No pictures should appear in the copy; otherwise retype the entries exactly.

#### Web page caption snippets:
________________

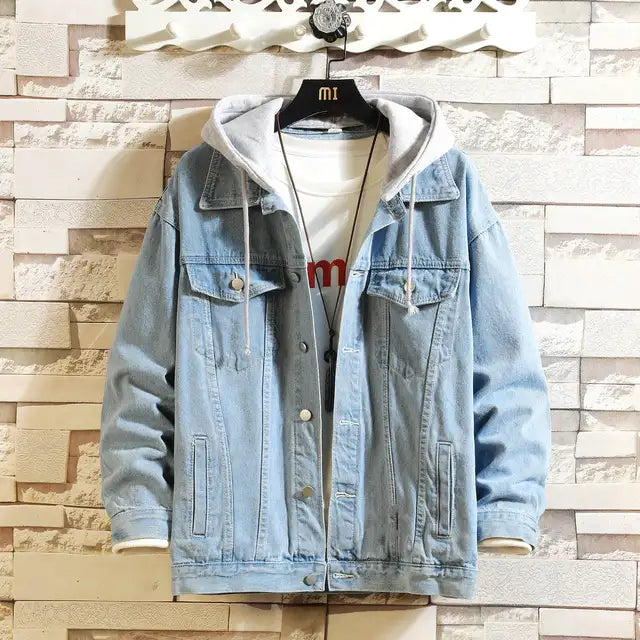 Jaqueta Jeans Masculina Fiorinni Bryton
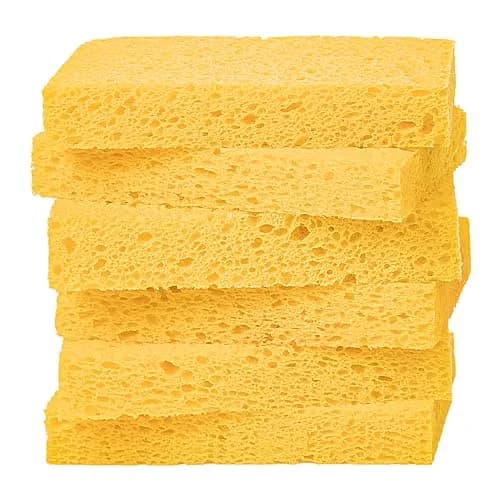ARCLIBER Cellulose Scrub Sponges 6 Pack | Heavy Duty, Non-Scratch, Eco-Friendly Kitchen Sponge thumbnail 1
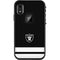 NFL Las Vegas Raiders Shutout LifeProof Fre iPhone Skin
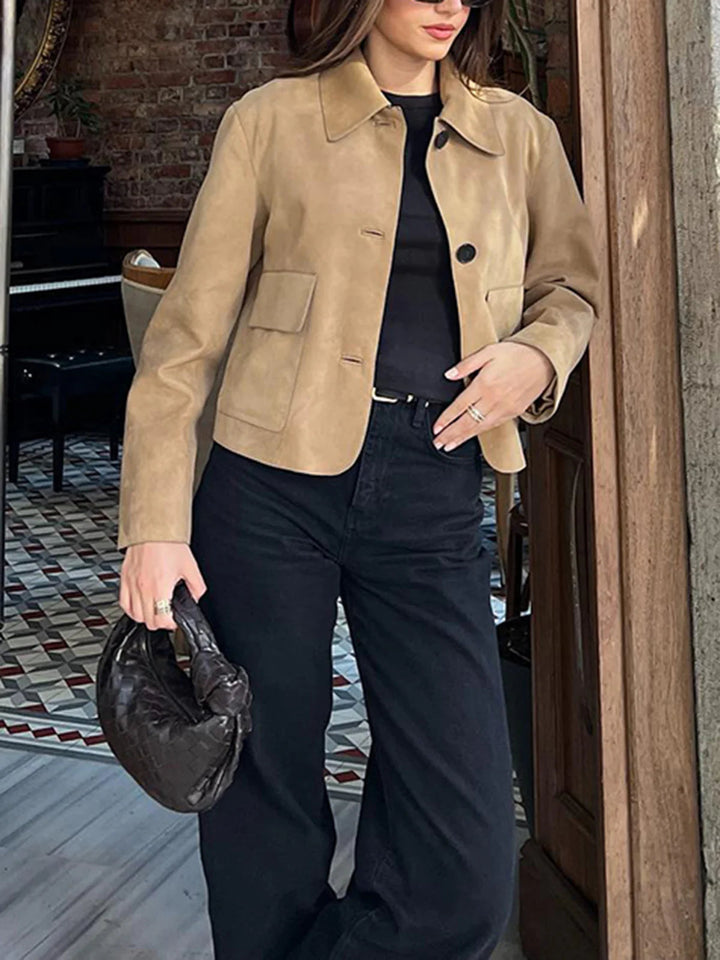 Lune London | Soft Button Revers Jacket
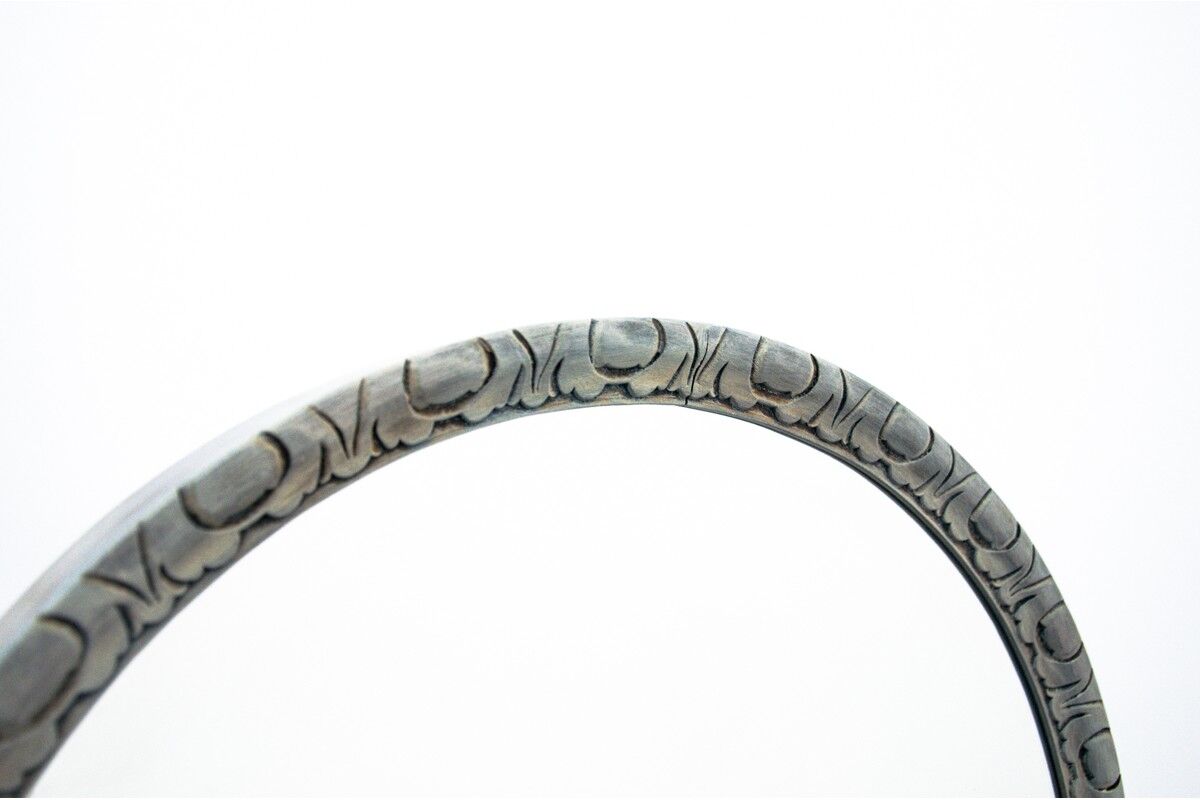 Antique dressing table in french provence style, Western Europe, circa 1910.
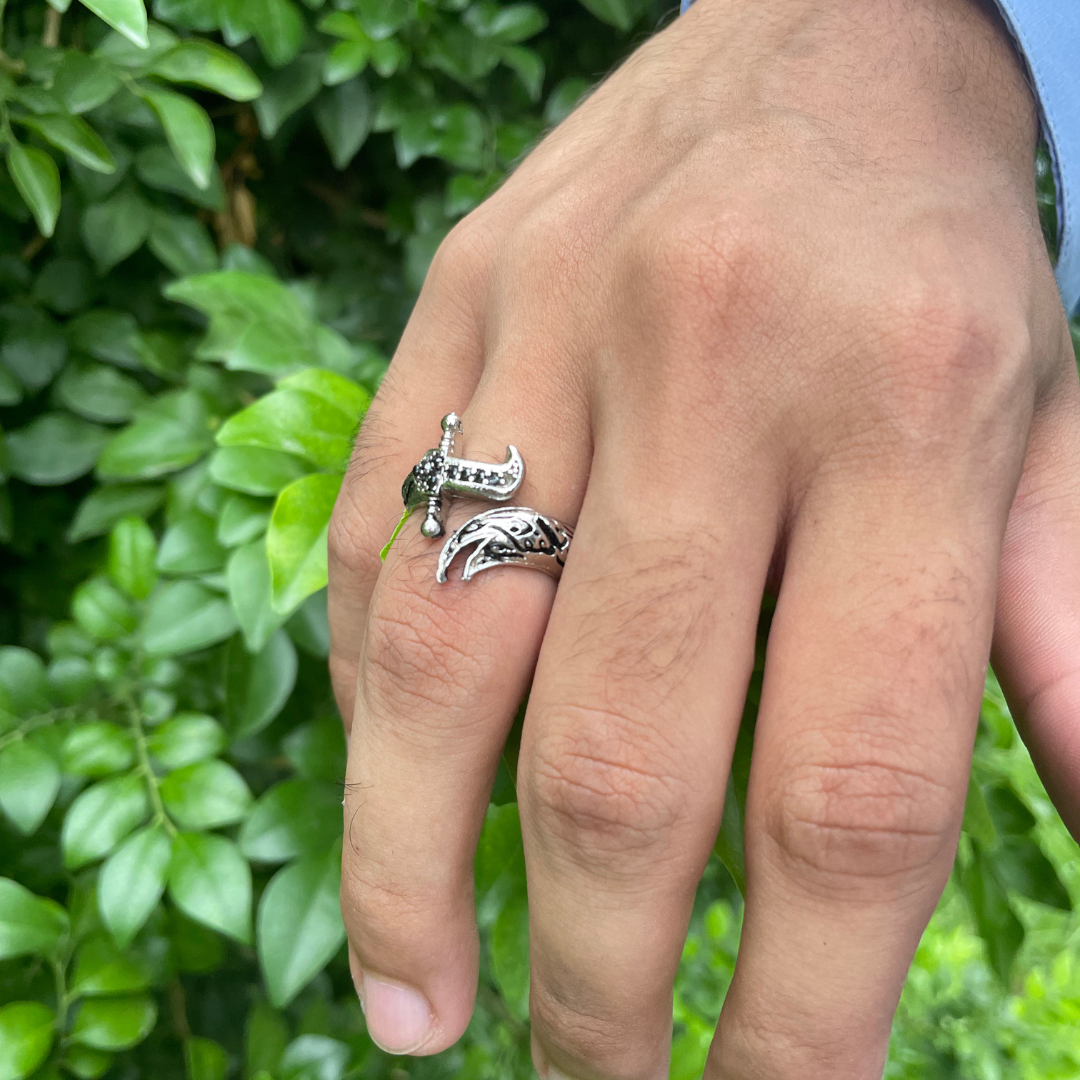 HT-Zulfiqar Sword Ring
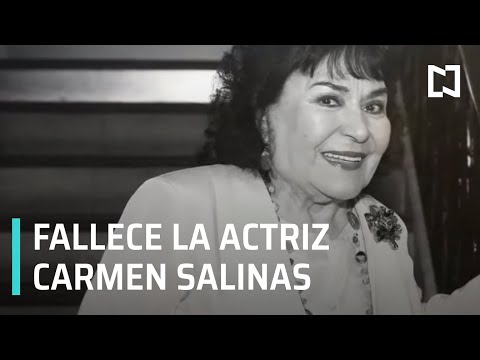 En vivo: Muere la actriz Carmen Salinas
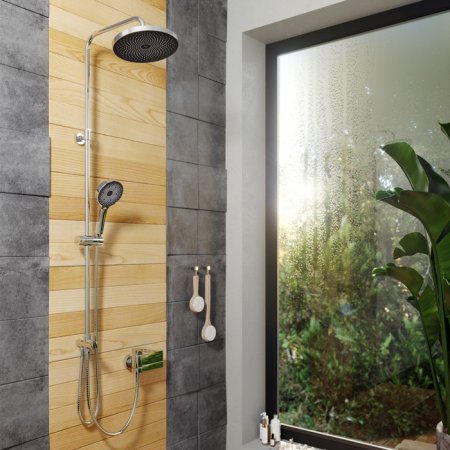Лейка для душа, хром, SpaHome, ID SPA3F0Ci18,
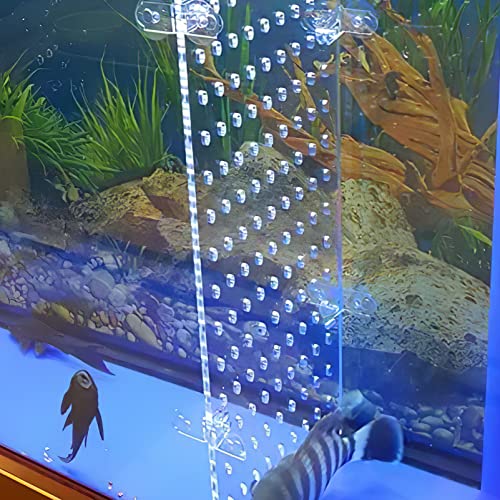 Mipcase Fish Tank Divider Fish Tank Separator with Suction Cup Acrylic Aquarium Divider for Aquarium Tank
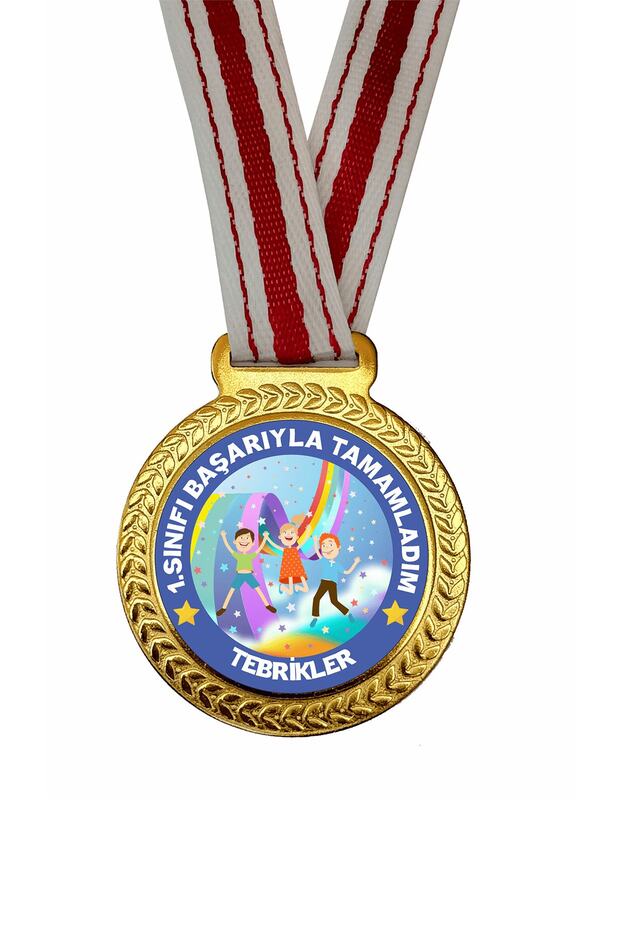 1. I Finished Class Successfully Medal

________________

#### Expected answer:
 Jaqueta Jeans Masculina Fiorinni Bryton
ARCLIBER Cellulose Scrub Sponges 6 Pack | Heavy Duty, Non-Scratch, Eco-Friendly Kitchen Sponge thumbnail 1
 NFL Las Vegas Raiders Shutout LifeProof Fre iPhone Skin
 Lune London | Soft Button Revers Jacket
 Antique dressing table in french provence style, Western Europe, circa 1910.
 HT-Zulfiqar Sword Ring
 En vivo: Muere la actriz Carmen Salinas
Лейка для душа, хром, SpaHome, ID SPA3F0Ci18,
 Mipcase Fish Tank Divider Fish Tank Separator with Suction Cup Acrylic Aquarium Divider for Aquarium Tank
 1. I Finished Class Successfully Medal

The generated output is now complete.